TASK DETAILS ::
Every line below should come back exactly as written, though the pictures stay out.

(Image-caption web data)

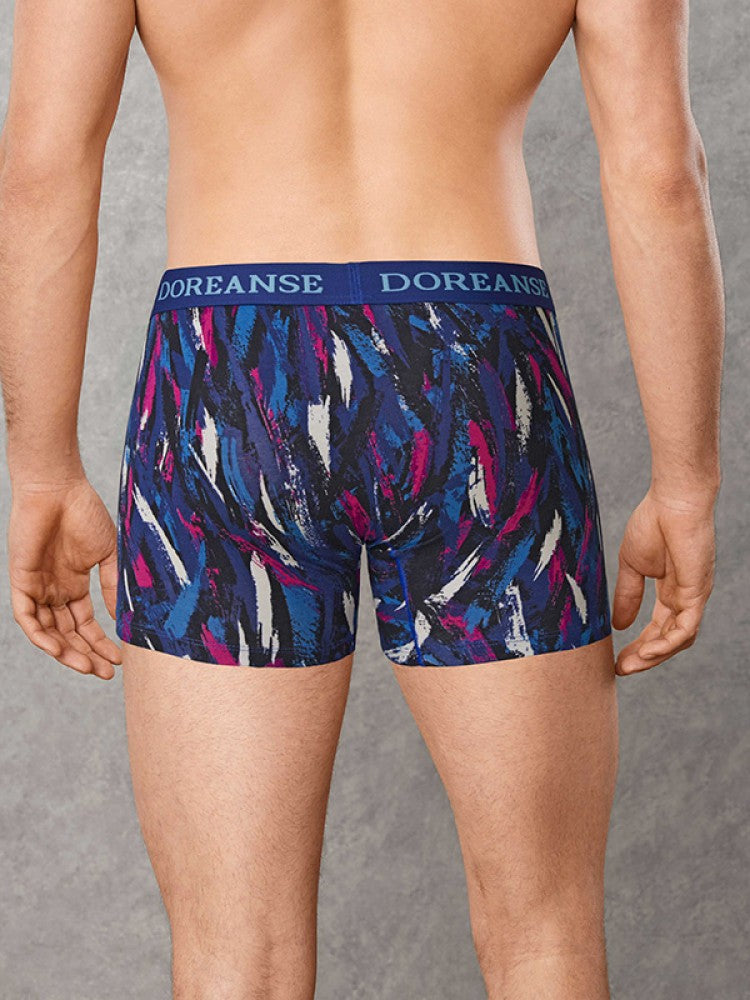 Doreanse Boxer  1704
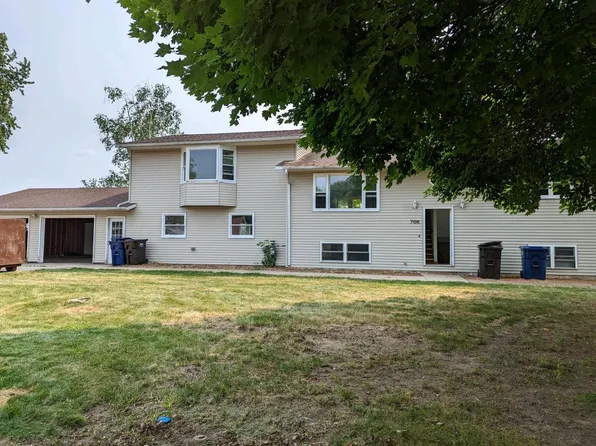 708 BIRDIE COURT, Sparta, WI 54656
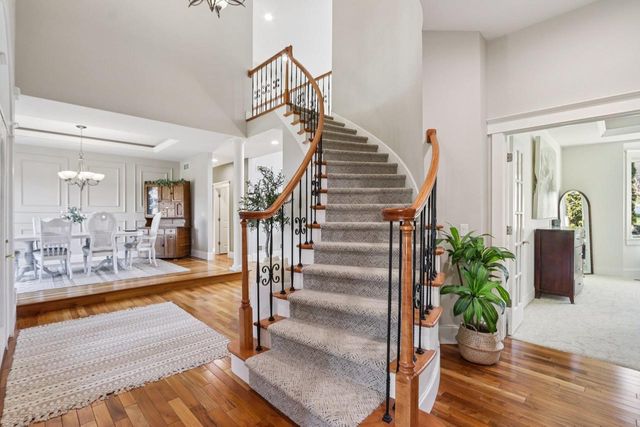 3979 Swoboda Road, Verona, WI 53593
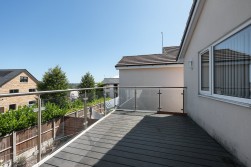 Simpson Street, Hapton, Burnley, Lancs, BB12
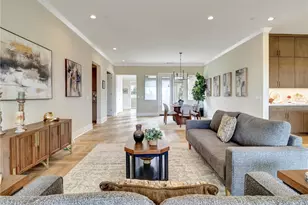 35873 Wildwood Crest Dr, Yucaipa, CA 92399 - Photo 9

RESULT OF THE EXERCISE ::
 Doreanse Boxer  1704
 708 BIRDIE COURT, Sparta, WI 54656
 3979 Swoboda Road, Verona, WI 53593
 Simpson Street, Hapton, Burnley, Lancs, BB12
 35873 Wildwood Crest Dr, Yucaipa, CA 92399 - Photo 9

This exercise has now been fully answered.